Rommel well knew that an invasion must be repelled at the landing grounds. To have any real hope of defending that long coastline, the battle would be won or lost on the beaches and on that first critical day. Indeed, it was on 2nd April 1944 when Rommel spoke to his Adjutant, declaring that would truly be ‘the Longest Day’…“der längste Tag”

To overcome some of these beach defences, Winston Churchill brought Major General Hobart back from retirement to design a new armoured division composed of ‘funnies’, specialist vehicles which would help attackers get ashore and overcome beach defences.

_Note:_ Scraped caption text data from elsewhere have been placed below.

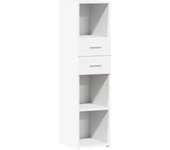 Aparador alto | aparador de comedor | armario de cocina madera de ingeniería blanco 30x42,5x124 cm cfw75757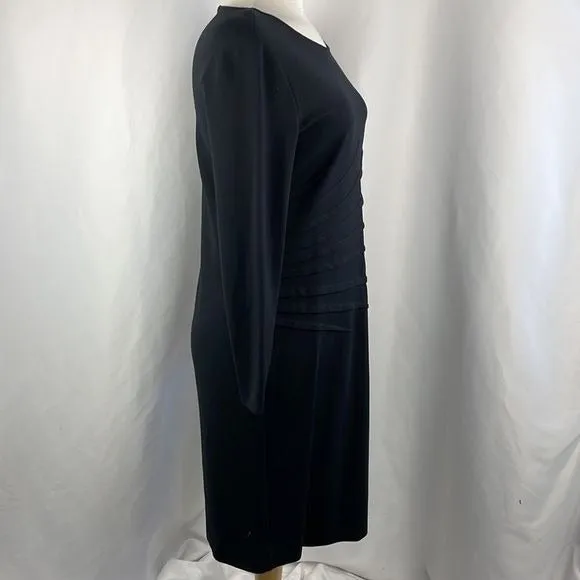 Armani CollezioniBlack w Pleated Side Mini  Dress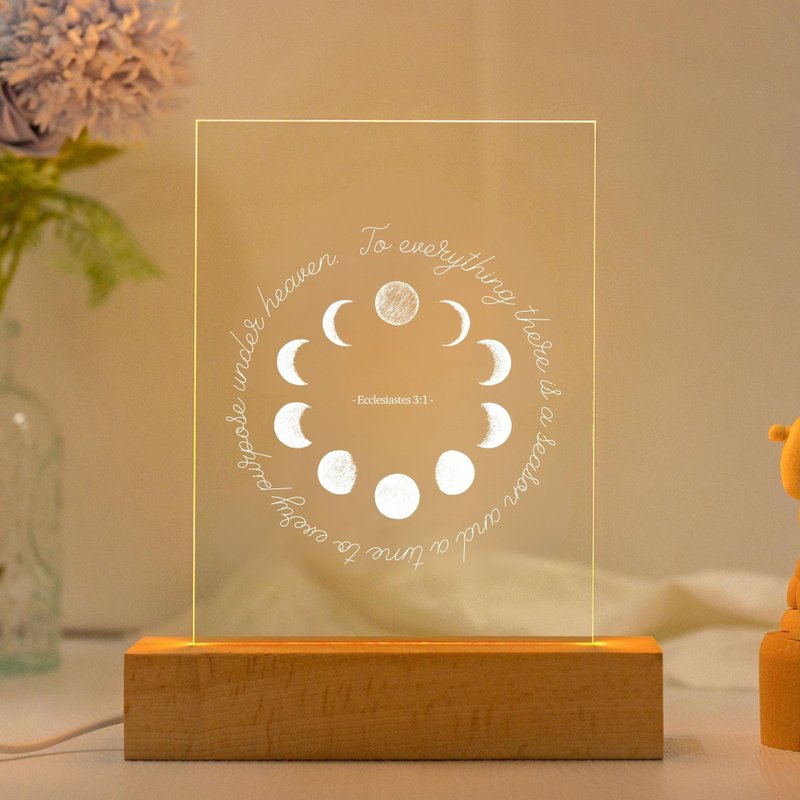 恩典之光 圣经经文LED灯经文礼物 凡事都有定期 传道书3:1 - 灯具/灯饰 - 压克力 白色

Allied Planners believed the enemy would be able to commit up to 18 Divisions within one week of the Landings; 6 of these would be armoured. The real difficulty would be to hold off armoured counter attacks whilst the beachhead was at its weakest; trying to land supplies and reinforcements ashore knowing that a single Division in the battle line needed at least 600 tons of supplies every day.
A summer time landing presented the obvious advantage of more daylight hours in order to be able to break out before Winter set in.
A new imperative was the growing fear of secret rocket weapons which were expected to be targeted on London from enemy launch bases in Northern France and the Netherlands.
During the Spring of 1944 the encampments from all over Britain were moved to the south coast. From Kent across to Cornwall, from the Thames Estuary right through to Falmouth, towns and villages were taken over by the Military and residents moved away to be billeted inland and to the North.
The Portsmouth/Southampton area particularly became a huge fenced-in military encampment. Once there, troops were kept out of all communication with home.
Looking at preparations for the D-Day landings in terms of equipment resources, this was inevitably an accumulation of many years output from factories across the United Kingdom, the USA and Canada. Shortage of landing craft had been overcome and all machinery, vehicles, tanks and heavy weapons were gathered into this small geographical area in readiness for the biggest seaborne invasion which had ever been contemplated.
Only 3 days in each lunar month offered the desired combination of moon and tide. The first of these was 5th to 7th June. The month of May had seen fine weather throughout, continuous sunshine and calm seas. The date was set and allied troops embarked on 3rd & 4th of June, before the storm demanded a 24 hour delay.